### Your assignment
Copy nothing but the lines below running from the line containing "間取り：313004704293" through the line containing "Catálogo Taco Bell", both end lines included.

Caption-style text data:
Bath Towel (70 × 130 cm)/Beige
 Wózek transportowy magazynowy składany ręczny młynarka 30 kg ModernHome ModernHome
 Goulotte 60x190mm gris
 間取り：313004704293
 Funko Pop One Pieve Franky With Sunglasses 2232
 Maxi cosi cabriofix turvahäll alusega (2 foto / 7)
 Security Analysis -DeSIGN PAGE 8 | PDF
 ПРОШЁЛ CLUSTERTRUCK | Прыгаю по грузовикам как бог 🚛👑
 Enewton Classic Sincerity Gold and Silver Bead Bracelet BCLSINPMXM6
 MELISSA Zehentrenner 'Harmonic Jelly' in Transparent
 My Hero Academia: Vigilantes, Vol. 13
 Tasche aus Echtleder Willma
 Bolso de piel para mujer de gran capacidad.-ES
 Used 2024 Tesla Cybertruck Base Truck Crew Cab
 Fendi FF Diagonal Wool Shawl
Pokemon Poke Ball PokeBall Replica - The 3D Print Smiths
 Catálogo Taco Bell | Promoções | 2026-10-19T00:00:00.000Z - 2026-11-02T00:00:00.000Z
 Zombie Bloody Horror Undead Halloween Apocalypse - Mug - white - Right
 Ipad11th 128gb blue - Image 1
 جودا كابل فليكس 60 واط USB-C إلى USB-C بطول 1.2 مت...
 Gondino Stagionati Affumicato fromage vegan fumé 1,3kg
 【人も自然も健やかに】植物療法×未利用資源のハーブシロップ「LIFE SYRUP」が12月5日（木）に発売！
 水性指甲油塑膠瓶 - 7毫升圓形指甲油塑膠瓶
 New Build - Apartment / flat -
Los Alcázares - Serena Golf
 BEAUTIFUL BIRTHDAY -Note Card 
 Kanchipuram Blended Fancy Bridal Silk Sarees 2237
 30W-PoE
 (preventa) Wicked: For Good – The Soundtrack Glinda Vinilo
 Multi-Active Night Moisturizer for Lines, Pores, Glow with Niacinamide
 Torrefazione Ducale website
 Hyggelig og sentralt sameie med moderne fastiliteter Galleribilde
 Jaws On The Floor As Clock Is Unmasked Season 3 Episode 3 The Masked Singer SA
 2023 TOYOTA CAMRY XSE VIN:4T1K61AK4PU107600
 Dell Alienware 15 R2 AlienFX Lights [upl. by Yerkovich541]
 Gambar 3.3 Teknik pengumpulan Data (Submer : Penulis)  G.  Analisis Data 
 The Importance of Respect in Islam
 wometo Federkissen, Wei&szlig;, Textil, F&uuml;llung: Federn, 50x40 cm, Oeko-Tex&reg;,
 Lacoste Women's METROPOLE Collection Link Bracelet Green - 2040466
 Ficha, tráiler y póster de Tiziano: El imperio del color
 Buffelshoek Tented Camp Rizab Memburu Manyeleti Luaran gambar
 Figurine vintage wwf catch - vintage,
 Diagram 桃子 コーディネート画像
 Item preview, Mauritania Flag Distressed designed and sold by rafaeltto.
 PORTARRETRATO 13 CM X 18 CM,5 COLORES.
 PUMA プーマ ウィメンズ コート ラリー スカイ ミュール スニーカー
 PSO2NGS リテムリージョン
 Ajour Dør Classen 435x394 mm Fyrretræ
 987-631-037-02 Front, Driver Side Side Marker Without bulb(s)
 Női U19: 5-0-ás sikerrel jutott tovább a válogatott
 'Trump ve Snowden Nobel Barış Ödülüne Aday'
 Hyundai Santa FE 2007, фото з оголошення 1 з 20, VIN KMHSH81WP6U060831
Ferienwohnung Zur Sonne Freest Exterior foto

### Exercise answer
 間取り：313004704293
 Funko Pop One Pieve Franky With Sunglasses 2232
 Maxi cosi cabriofix turvahäll alusega (2 foto / 7)
 Security Analysis -DeSIGN PAGE 8 | PDF
 ПРОШЁЛ CLUSTERTRUCK | Прыгаю по грузовикам как бог 🚛👑
 Enewton Classic Sincerity Gold and Silver Bead Bracelet BCLSINPMXM6
 MELISSA Zehentrenner 'Harmonic Jelly' in Transparent
 My Hero Academia: Vigilantes, Vol. 13
 Tasche aus Echtleder Willma
 Bolso de piel para mujer de gran capacidad.-ES
 Used 2024 Tesla Cybertruck Base Truck Crew Cab
 Fendi FF Diagonal Wool Shawl
Pokemon Poke Ball PokeBall Replica - The 3D Print Smiths
 Catálogo Taco Bell | Promoções | 2026-10-19T00:00:00.000Z - 2026-11-02T00:00:00.000Z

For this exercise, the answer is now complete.